*** Opening of Input records ***

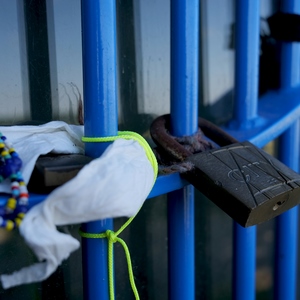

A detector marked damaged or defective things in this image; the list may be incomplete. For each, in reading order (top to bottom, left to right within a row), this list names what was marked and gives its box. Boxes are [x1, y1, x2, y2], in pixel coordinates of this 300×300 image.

rusty metal loop [151, 115, 238, 162]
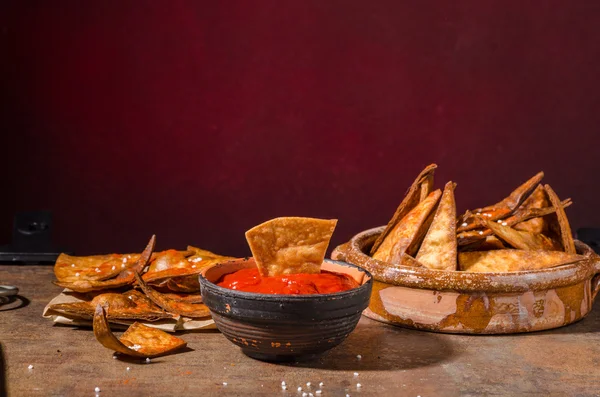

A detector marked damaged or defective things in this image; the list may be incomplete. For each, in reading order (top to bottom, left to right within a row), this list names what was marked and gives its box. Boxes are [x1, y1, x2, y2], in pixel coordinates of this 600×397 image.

broken chip piece [245, 217, 338, 276]
broken chip piece [93, 302, 185, 358]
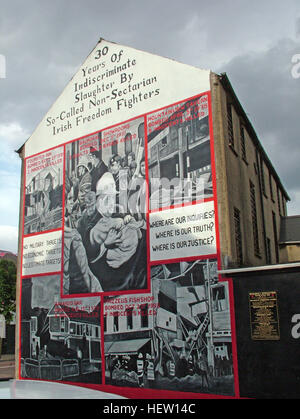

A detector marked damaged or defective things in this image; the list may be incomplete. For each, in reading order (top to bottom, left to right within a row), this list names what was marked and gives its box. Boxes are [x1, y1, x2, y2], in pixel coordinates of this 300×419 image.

painted damaged shopfront [15, 37, 286, 398]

*** Close of Input records ***

Assigned task =
Reproduce the listing above exactly, but skip the pictures.

Solution to the problem =
A detector marked damaged or defective things in this image; the list may be incomplete. For each, in reading order (top to bottom, left to right within a row), this list names what was marked and gives its box. Boxes are [x1, y1, x2, y2], in pixel coordinates of this 300×300 image.

rusty metal loop [151, 115, 238, 162]

A detector marked damaged or defective things in this image; the list may be incomplete. For each, in reading order (top to bottom, left to right within a row), this list names what was marked and gives its box. Boxes are [x1, y1, x2, y2], in pixel coordinates of this 600×397 image.

broken chip piece [245, 217, 338, 276]
broken chip piece [93, 302, 185, 358]

A detector marked damaged or defective things in this image; the list may be incomplete. For each, in reading order (top to bottom, left to right within a row), this list names what was marked and gives its box. Boxes are [x1, y1, x2, y2], in pixel coordinates of this 300×419 image.

painted damaged shopfront [15, 37, 286, 398]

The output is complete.